**WORK TO BE COMPLETED**
Only the lines below from the one containing "Solid beechwood number puzzle" to the one containing "Barattolo in vetro" should be repeated, both included and unchanged.

>>>>>

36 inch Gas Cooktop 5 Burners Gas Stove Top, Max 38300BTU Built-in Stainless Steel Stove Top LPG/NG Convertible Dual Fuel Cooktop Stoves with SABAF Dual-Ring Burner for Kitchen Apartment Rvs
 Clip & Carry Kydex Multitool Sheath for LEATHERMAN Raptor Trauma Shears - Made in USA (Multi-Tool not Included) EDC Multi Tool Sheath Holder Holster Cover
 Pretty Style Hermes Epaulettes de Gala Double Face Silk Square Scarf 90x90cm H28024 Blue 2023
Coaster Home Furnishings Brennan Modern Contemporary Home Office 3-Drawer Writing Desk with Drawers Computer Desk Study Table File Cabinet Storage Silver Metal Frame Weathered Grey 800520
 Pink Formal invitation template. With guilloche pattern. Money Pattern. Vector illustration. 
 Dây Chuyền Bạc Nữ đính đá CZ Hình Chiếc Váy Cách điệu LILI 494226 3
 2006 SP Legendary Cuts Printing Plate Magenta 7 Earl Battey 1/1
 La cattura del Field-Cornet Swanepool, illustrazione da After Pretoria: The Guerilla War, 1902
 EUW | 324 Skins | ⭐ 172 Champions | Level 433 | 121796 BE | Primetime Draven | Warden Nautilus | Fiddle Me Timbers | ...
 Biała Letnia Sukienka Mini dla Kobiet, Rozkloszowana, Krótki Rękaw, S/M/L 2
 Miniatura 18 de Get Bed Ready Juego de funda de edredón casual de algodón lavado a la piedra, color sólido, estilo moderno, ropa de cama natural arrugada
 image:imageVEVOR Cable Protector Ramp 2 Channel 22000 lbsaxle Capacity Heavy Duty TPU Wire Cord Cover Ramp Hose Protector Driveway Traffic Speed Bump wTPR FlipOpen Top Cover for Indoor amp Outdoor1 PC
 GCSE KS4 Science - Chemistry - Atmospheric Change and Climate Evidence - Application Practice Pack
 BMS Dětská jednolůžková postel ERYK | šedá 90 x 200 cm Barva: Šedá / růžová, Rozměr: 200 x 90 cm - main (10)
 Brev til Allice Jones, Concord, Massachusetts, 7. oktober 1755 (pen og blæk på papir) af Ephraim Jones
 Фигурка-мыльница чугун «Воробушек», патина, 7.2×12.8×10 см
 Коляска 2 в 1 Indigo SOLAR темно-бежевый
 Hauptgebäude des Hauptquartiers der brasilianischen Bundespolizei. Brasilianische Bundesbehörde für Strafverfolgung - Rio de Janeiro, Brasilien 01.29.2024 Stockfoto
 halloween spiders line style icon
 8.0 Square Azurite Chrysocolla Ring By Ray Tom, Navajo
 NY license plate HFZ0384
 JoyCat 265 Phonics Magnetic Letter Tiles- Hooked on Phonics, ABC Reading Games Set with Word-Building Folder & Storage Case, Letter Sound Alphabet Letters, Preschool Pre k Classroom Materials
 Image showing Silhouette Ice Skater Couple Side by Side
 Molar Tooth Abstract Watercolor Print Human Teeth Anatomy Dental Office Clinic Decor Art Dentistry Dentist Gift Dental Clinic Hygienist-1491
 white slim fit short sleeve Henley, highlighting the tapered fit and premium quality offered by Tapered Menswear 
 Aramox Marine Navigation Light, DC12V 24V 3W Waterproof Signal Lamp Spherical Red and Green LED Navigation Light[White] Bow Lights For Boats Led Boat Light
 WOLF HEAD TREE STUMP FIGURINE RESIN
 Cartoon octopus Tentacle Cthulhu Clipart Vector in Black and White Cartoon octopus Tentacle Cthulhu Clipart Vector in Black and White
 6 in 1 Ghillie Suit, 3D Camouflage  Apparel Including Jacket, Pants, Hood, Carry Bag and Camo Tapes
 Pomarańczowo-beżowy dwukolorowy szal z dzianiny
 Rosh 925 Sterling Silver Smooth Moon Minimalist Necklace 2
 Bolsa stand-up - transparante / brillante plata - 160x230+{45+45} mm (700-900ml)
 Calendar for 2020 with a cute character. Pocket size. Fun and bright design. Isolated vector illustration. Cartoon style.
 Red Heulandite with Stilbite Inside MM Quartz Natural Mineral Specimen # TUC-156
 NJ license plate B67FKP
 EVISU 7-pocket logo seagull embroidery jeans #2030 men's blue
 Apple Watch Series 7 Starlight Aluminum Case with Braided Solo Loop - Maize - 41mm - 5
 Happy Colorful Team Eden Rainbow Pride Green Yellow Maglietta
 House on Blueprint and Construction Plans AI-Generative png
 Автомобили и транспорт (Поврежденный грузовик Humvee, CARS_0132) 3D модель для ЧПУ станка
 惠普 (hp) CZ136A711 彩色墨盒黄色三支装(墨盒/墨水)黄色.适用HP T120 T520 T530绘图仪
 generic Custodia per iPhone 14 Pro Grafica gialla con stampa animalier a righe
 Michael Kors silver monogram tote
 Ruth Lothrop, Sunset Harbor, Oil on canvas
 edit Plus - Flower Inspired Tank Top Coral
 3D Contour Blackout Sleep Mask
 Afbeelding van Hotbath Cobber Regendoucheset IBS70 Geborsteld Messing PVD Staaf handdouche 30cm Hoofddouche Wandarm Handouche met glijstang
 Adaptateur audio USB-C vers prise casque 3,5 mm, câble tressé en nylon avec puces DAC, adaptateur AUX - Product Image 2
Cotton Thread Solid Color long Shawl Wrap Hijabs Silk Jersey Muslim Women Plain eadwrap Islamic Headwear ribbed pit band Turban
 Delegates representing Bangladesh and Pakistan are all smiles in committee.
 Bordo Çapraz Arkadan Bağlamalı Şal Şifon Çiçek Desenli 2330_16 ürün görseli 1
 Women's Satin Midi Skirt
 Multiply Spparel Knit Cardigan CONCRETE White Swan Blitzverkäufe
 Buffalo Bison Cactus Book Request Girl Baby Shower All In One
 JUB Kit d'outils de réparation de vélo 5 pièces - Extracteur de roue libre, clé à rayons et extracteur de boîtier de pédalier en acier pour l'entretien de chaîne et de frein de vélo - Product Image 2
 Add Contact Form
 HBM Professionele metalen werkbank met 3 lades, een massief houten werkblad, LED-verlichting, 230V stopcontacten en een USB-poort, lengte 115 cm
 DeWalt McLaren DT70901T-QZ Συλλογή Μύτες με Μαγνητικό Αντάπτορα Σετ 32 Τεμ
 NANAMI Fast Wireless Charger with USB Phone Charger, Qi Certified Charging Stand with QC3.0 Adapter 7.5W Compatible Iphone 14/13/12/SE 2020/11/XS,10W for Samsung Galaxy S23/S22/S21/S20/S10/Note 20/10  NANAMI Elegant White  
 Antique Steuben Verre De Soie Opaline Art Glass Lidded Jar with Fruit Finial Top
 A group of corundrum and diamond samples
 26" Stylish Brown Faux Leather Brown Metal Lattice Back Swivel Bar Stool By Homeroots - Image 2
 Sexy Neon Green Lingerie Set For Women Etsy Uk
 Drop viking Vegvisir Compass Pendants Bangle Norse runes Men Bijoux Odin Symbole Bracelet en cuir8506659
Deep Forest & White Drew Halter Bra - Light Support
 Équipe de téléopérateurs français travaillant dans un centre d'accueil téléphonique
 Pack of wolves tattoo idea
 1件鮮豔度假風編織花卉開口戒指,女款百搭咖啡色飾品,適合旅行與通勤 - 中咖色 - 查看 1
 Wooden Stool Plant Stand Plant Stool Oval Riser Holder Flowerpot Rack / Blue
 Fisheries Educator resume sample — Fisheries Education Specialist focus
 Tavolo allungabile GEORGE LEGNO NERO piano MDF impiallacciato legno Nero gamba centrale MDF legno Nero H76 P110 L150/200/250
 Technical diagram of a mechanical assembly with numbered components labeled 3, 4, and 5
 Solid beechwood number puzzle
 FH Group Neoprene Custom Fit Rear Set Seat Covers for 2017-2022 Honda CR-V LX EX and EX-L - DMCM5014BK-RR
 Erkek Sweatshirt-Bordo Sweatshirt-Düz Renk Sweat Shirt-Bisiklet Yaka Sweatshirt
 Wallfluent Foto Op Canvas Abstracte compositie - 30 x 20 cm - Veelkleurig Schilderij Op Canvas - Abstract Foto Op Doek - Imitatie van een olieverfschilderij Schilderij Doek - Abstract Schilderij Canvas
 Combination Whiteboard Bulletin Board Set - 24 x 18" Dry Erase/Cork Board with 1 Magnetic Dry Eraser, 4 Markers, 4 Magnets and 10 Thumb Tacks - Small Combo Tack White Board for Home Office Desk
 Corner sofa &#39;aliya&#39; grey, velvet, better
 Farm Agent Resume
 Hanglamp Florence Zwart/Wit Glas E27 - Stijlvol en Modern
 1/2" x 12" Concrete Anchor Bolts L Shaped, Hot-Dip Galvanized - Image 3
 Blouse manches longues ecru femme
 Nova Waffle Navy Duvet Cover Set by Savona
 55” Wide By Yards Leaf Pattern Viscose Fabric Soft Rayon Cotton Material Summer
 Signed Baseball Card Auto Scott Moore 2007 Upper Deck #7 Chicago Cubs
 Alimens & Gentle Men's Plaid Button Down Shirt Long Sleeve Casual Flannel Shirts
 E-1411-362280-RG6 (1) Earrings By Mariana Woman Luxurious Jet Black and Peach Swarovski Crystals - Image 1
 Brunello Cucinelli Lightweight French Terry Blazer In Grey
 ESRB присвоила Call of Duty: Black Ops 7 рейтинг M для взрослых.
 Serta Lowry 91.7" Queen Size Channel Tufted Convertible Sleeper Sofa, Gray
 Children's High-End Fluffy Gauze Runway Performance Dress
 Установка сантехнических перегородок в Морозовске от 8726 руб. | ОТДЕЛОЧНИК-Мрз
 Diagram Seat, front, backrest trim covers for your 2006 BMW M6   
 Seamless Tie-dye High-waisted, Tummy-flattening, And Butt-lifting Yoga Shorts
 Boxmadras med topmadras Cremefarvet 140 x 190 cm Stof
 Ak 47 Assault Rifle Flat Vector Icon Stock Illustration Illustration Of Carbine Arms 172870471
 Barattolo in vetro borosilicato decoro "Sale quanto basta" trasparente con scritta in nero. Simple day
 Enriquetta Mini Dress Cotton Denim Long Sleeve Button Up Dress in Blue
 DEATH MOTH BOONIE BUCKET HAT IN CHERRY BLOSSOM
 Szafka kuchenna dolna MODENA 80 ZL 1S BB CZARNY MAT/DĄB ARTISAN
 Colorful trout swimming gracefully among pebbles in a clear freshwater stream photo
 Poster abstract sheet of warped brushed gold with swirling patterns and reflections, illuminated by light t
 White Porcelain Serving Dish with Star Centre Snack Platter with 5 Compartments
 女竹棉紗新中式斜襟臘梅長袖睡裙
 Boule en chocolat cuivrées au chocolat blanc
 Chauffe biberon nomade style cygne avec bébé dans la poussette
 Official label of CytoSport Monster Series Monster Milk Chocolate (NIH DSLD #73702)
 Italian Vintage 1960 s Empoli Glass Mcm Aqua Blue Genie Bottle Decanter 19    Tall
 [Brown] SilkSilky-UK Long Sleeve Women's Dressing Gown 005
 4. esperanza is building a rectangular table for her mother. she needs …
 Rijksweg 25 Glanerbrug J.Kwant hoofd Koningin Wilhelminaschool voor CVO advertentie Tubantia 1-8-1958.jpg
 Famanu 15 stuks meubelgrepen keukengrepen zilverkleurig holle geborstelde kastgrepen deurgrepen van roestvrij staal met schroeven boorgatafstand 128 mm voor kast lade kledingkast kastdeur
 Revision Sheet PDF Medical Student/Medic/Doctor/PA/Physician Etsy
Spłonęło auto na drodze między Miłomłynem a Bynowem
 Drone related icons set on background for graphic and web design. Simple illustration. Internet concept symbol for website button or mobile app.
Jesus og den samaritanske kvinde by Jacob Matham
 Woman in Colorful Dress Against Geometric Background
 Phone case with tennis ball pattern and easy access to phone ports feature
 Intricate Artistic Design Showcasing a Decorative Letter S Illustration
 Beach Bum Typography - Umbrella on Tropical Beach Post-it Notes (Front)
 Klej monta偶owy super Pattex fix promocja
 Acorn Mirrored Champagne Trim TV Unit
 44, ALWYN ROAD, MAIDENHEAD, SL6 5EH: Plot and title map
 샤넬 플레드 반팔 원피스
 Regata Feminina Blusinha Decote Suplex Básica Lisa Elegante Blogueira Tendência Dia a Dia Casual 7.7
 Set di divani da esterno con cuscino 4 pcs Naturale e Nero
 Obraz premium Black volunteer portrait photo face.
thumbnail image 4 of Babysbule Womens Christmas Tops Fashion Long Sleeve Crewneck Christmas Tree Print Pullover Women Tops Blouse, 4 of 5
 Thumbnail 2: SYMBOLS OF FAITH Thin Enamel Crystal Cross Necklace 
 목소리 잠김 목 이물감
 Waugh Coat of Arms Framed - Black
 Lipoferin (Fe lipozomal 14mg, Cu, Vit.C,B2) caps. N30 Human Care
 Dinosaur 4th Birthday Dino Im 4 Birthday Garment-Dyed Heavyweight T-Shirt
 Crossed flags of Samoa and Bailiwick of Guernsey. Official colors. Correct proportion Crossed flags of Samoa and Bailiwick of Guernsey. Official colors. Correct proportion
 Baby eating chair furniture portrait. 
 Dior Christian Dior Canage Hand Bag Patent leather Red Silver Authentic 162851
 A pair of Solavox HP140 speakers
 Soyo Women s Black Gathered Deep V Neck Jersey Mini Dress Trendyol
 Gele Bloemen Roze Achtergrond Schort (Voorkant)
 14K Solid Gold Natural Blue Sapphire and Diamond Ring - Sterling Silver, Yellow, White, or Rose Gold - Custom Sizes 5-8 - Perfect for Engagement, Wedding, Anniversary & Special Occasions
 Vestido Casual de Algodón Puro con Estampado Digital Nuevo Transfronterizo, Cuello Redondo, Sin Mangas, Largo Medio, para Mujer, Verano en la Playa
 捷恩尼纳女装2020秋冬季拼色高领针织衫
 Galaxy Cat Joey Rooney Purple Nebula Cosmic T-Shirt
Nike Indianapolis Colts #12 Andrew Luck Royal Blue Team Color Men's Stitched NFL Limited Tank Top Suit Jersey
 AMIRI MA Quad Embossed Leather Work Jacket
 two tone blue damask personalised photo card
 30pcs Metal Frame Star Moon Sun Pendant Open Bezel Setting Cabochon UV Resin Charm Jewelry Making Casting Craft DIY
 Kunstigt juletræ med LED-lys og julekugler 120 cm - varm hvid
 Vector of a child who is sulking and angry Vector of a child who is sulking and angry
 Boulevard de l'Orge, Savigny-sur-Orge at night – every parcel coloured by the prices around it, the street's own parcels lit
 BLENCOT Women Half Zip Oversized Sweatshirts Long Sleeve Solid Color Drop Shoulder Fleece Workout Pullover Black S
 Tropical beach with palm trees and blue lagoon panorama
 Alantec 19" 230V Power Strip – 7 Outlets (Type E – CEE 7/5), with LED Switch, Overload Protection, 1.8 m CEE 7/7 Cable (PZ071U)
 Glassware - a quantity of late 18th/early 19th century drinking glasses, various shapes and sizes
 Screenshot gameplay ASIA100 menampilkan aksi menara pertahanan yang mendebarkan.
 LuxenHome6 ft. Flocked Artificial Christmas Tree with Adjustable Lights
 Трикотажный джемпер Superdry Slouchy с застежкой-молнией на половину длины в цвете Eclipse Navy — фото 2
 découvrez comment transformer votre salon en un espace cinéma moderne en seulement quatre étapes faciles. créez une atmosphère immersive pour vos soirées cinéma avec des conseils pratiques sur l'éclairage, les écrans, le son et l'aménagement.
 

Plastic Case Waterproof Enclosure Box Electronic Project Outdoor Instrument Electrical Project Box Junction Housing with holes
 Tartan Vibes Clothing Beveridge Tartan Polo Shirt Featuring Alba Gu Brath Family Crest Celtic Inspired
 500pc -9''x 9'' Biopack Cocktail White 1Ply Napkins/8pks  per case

<<<<<

**ANSWER TO THE EXERCISE**
 Solid beechwood number puzzle
 FH Group Neoprene Custom Fit Rear Set Seat Covers for 2017-2022 Honda CR-V LX EX and EX-L - DMCM5014BK-RR
 Erkek Sweatshirt-Bordo Sweatshirt-Düz Renk Sweat Shirt-Bisiklet Yaka Sweatshirt
 Wallfluent Foto Op Canvas Abstracte compositie - 30 x 20 cm - Veelkleurig Schilderij Op Canvas - Abstract Foto Op Doek - Imitatie van een olieverfschilderij Schilderij Doek - Abstract Schilderij Canvas
 Combination Whiteboard Bulletin Board Set - 24 x 18" Dry Erase/Cork Board with 1 Magnetic Dry Eraser, 4 Markers, 4 Magnets and 10 Thumb Tacks - Small Combo Tack White Board for Home Office Desk
 Corner sofa &#39;aliya&#39; grey, velvet, better
 Farm Agent Resume
 Hanglamp Florence Zwart/Wit Glas E27 - Stijlvol en Modern
 1/2" x 12" Concrete Anchor Bolts L Shaped, Hot-Dip Galvanized - Image 3
 Blouse manches longues ecru femme
 Nova Waffle Navy Duvet Cover Set by Savona
 55” Wide By Yards Leaf Pattern Viscose Fabric Soft Rayon Cotton Material Summer
 Signed Baseball Card Auto Scott Moore 2007 Upper Deck #7 Chicago Cubs
 Alimens & Gentle Men's Plaid Button Down Shirt Long Sleeve Casual Flannel Shirts
 E-1411-362280-RG6 (1) Earrings By Mariana Woman Luxurious Jet Black and Peach Swarovski Crystals - Image 1
 Brunello Cucinelli Lightweight French Terry Blazer In Grey
 ESRB присвоила Call of Duty: Black Ops 7 рейтинг M для взрослых.
 Serta Lowry 91.7" Queen Size Channel Tufted Convertible Sleeper Sofa, Gray
 Children's High-End Fluffy Gauze Runway Performance Dress
 Установка сантехнических перегородок в Морозовске от 8726 руб. | ОТДЕЛОЧНИК-Мрз
 Diagram Seat, front, backrest trim covers for your 2006 BMW M6   
 Seamless Tie-dye High-waisted, Tummy-flattening, And Butt-lifting Yoga Shorts
 Boxmadras med topmadras Cremefarvet 140 x 190 cm Stof
 Ak 47 Assault Rifle Flat Vector Icon Stock Illustration Illustration Of Carbine Arms 172870471
 Barattolo in vetro borosilicato decoro "Sale quanto basta" trasparente con scritta in nero. Simple day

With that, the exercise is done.